On the ride home, my father said, “You know, the Oden farmhouse is haunted too.”
“Really?”
My father told me that the house had been a hotel during the last years of the nineteenth century. Travelers could stop for the night, eat a meal, take a bath, and have a drink. One night, a man was murdered in front of a fireplace in one of the upstairs bedrooms. Supposedly, if the carpet was pulled back, you could still see the bloodstains on the hardwood floor.
“Now that, I did see,” he said. “Used to go there a lot when I was a kid, before the Odens even moved in.”
“Can you take me someday?”
“I can’t just burst into someone’s house,” he said. “Unless there’s a fire. But maybe one of these days, I’ll see if we can see it.”
Seventeen
One Sunday morning that summer, my father stood in the living room dressed in brown khakis and a red polo shirt. He smiled at my mother and me.
“Think I’ll go to church,” he said.
“Yeah, right,” I said. “You never go.”
“Well, maybe I should start,” he said. “You don’t mind, do you?”
My mother’s unblinking eyes looked glazed over. “I don’t mind,” she said. “I’m just shocked.”
That morning, we walked into church together for the first time ever. Inside the sparse vestibule, we shook hands and said hello to some of the other church members. Everyone looked toward my father and smiled as if they were happy to be in his presence. Some of them whispered to one another, and I thought that they were probably talking about my father. I looked up at him and tugged at his hand.
“Dad, you look spiffy,” I said.
“Yeah? Well, tell your mother she looks nice too. Sunday is the only day she ever wears a dress.”
We filtered into the sanctuary with the rest of the congregation when the organ music began and sat down in one of the burgundy-carpeted pews. When the pastor dismissed the children for Sunday school, I stood, but my dad stopped me.

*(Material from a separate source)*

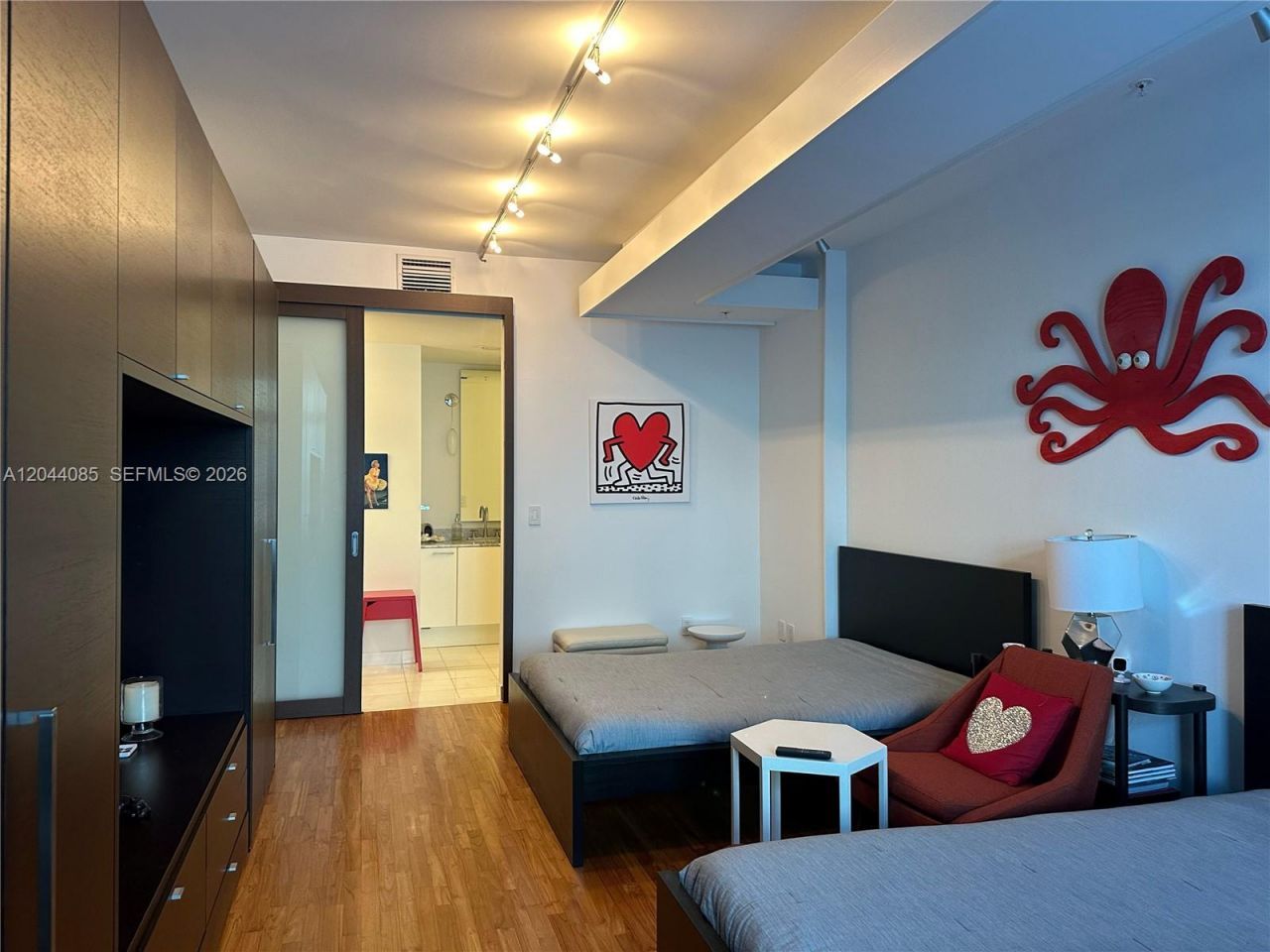 2001 Meridian Ave , Unit 309, Miami Beach, FL 33139 Photo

“He goes to the children’s room,” my mother whispered.
My dad looked at me and winked. “I think he’s old enough to sit with the
adults.”
Until that day, whatever the main congregation did while I was in Sunday school had always been a mystery. What I learned was that real church didn’t seem that different from the kids’ Sunday school. No one colored with crayons, but the sermon had Bible stories and we still sang hymns.
After the service ended, my parents and I filed out of the pew and back toward the vestibule. The pastor, Rev. Goodman, stood at the door, shaking hands and smiling. He stood tall and straight. His slicked-back white hair made him look wise, but his voice quivered, as if he were weak and tired.

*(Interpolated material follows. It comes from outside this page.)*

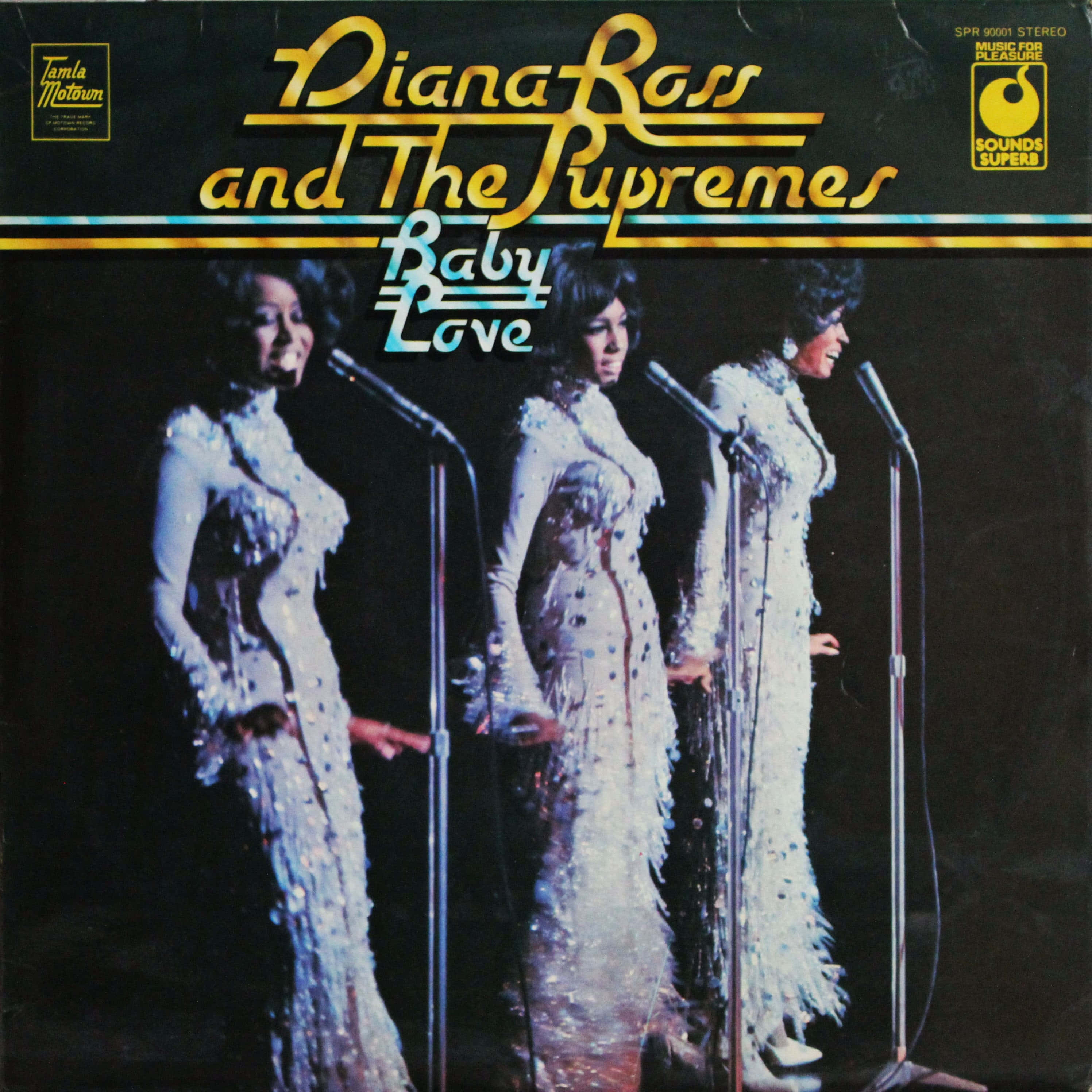 戴安娜·羅斯與The Supremes《Baby Love》專輯 壁紙 — 三位魅力四射的歌手身穿閃亮白色羽毛長裙，在戲劇性的舞台燈光下表演。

My dad shook his hand. “Great message today.”
“Oh, Denton,” Rev. Goodman said. “It so good to see you here. We’re praying that you get through all of this with God’s help.”
“Thank you.” My father nodded slowly. “It means a lot to have everyone’s support.”
• • •
That summer took on a kind of routine. My dad slept for hours during the day. Then we went out for ice cream each night, and on Saturdays we listened to Dick Bartley’s American Gold over the radio. My dad sang along to Fats Domino’s “Blueberry Hill” but inserted his own lyrics: “I found my thrill on Irvin’s Hill …” We opened the windows and let the warm breeze flow through the house — like the old trailer, the doublewide felt like a kiln in the summertime. My father continued to attend meetings at the firehouse and to go out on calls, though he insisted he only supervised. Sometimes my mother pressed him: why did he have to go to the firehouse every day? She said that she worried about his health. My father nodded and quietly said, “Why should I let cancer keep me down?”
For the first time since I could remember, we didn’t go to Hershey Park. My parents sat me down at the dining room table one night and explained that my dad was simply too sick to walk around the park for an entire day.
“Dad, you promised we’d ride the Superdooperlooper together,” I said, disappointed.